• _What you should do_
Please repeat, unchanged, the lines at the top of the listing below, ending with the one that has "Transparent LED position".

• _Raw data_
::::::::
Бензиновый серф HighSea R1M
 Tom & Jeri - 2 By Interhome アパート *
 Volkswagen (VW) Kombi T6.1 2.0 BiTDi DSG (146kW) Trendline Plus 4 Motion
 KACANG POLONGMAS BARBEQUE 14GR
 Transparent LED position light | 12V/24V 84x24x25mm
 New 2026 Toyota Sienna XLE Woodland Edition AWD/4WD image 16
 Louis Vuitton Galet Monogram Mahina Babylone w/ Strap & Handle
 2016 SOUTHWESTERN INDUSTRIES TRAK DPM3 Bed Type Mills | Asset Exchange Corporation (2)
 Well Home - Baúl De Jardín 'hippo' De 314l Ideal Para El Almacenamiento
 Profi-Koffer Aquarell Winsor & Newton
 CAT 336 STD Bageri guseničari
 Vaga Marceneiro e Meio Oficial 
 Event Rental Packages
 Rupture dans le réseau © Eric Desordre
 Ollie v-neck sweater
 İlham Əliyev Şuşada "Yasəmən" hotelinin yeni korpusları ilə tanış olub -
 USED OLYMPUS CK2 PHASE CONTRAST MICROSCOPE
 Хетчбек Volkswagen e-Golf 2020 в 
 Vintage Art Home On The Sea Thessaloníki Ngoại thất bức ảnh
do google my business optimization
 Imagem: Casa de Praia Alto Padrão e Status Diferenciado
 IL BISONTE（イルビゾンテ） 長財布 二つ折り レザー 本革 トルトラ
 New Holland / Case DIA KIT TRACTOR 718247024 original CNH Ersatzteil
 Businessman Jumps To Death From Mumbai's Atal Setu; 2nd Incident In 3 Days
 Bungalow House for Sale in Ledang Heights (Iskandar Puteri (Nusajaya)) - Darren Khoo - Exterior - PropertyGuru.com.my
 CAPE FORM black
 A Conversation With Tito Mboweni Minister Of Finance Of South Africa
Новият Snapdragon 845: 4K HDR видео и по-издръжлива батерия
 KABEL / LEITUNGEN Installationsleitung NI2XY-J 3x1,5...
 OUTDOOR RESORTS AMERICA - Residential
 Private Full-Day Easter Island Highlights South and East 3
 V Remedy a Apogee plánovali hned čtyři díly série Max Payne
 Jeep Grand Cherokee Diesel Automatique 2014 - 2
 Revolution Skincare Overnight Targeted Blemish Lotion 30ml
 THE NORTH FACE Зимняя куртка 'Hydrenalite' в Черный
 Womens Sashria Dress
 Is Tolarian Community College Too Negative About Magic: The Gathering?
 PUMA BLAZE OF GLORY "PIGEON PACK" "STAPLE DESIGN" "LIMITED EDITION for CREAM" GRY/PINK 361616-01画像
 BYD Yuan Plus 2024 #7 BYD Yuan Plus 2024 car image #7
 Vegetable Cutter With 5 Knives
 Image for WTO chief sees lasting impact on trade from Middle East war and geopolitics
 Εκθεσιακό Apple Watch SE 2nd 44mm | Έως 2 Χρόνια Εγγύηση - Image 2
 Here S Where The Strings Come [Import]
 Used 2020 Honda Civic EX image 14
::::::::
• _Exercise answer_
Бензиновый серф HighSea R1M
 Tom & Jeri - 2 By Interhome アパート *
 Volkswagen (VW) Kombi T6.1 2.0 BiTDi DSG (146kW) Trendline Plus 4 Motion
 KACANG POLONGMAS BARBEQUE 14GR
 Transparent LED position light | 12V/24V 84x24x25mm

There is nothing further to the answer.